In queste settimane che vedono il nostro Comune protagonista di una riflessione sui giovani con l’istruttoria sull’infanzia e l’adolescenza inaugurata nei giorni passati reputo fondamentale ricordare una figura educativa, della quale in quest’anno si celebrano i 100 anni dalla sua nascita e che ha lasciato come eredità profonde denunce al sistema scolastico, ancora oggi tristemente attuali e meritevoli di attenzione. Mi riferisco a Don Lorenzo Milani, spesso citato sia da destra che da sinistra come esempio da seguire, censurando però spesso le sue parole e la dirompenza del suo pensiero, e io solo quelle voglio fare emergere oggi. 

Don Milani è stato in grado di essere testimone e rappresentante di una lotta di classe che non può ancora dirsi superata, quella tra i poveri che hanno meno mezzi per rendere l’esperienza scolastica reale opportunità di crescita e i benestanti che sfruttano la scuola per ampliare ancora di più il divario sociale che li separa dai primi. 

Il mio sistema scolastico ideale è dipinto nelle pagine di “Lettera a una professoressa” e in particolare in 3 provocazioni che Don Milani, insieme ai suoi studenti lancia contro il sistema istruzione e che ancora oggi rimangono critiche inevase.

La prima provocazione pare la più scontata, ma certamente ancora la meno attuata.
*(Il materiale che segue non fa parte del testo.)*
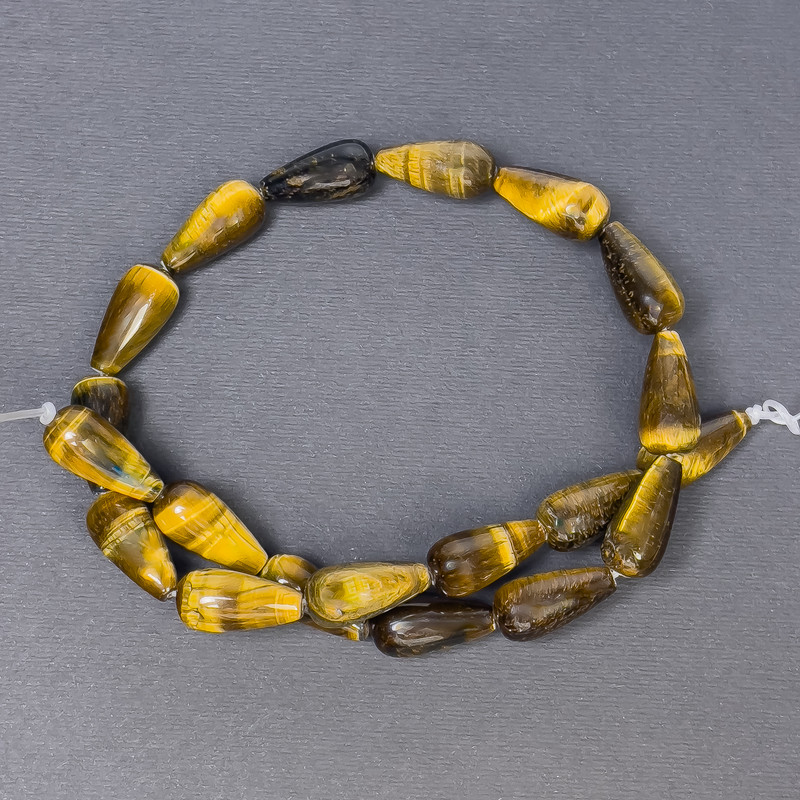 Tiger's Eye Beads Drop 19×10 mm
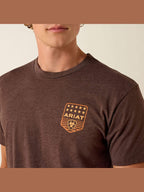 Men's Ariat Stripe Patriotic Badge T-Shirt shop-escape-outdoors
Per Don Milani l’elemento sul quale si fonda la scuola è lo studente. “Senza di te la scuola non sa di nulla” questa è l’essenza di una scuola che ha sapore solo se vissuta da tutti, solo se strumento di crescita per tutti, una scuola paziente che non si stanca di inseguire chi non riesce, chi ha bisogno di tempo. Oggi purtroppo è evidente come le volontà politiche si muovano in altro senso, il merito è individuato come strumento di selezione e pilastro per il riconoscimento del successo educativo, dove di selezione e distinzioni non c’è bisogno, piuttosto c’è bisogno di “non fare parti eguali tra diseguali” cercando di incentivare i percorsi di chi è in difficoltà. Per non parlare dell’invocazione dell’umiliazione come strumento educativo, pensiero che nella sua pochezza si commenta da sé.

La seconda provocazione sono felice che Bologna l’abbia fatta sua con le sperimentazioni avviate con il progetto “Scuole aperte”, Don Milani e i suoi studenti dicevano: “La parola pieno tempo vi fa paura. Vi par già difficile reggere i ragazzi quelle poche ore. Ma è che non avete mai provato. Finora avete fatto scuola con l’ossessione della campanella, con l’incubo del programma da finire prima di giugno. Non avete potuto allargare la visuale, rispondere alla curiosità dei ragazzi, portare i discorsi fino in fondo. Così è finito che avete fatto tutto male e siete rimasti scontenti voi e i ragazzi. È la scontentezza che v’ha stancato non le ore.” A Bologna la parola pieno tempo non deve essere un timore ma una sfida alla quale ambire con serietà per creare opportunità e un’offerta educativa di valore.

La terza provocazione tocca direttamente il ruolo dell’insegnante, “Il maestro dà al ragazzo tutto quello che crede, ama, spera. Il ragazzo crescendo ci aggiunge qualche cosa e così l’umanità va avanti.” L’insegnante dunque deve interpretare il suo ruolo con entusiasmo fare emergere parti di sé, i suoi credi, le sue passioni sincere. Lo studente al contempo deve lasciarsi provocare dall’insegnante e vivere senza freni il rapporto con lui. In ultimo il genitore non deve costantemente avocare a sé il ruolo educativo deve essere capace di lasciare spazio, di fare contaminare la propria creatura con il mondo e con i pensieri che lo abitano, anche con il rischio di perderlo. Il primato educativo non può che competere alla scuola pubblica, al rapporto con gli stimoli che la società pone e agli insegnamenti che i maestri danno, ai quali la famiglia può fungere da importante supporto ma non da arma di censura e filtro invadente volto a depotenziare l’esperienza educativa, cosa che purtroppo accade frequentemente nelle nostre scuole, dove gli insegnanti paiono diretti dipendenti dei genitori e delle loro aspettative di successo proiettate sui figli. 

Queste tre provocazioni devono essere guida nel costruire il sistema scolastico e eredità preziosa da tutelare, frutto di un percorso coraggioso guidato da una figura che ha saputo vivere con slancio il conflitto, incamerandolo in tutte le dimensioni della sua vita per innescare cambiamenti nella chiesa, nella scuola e nella società tutta.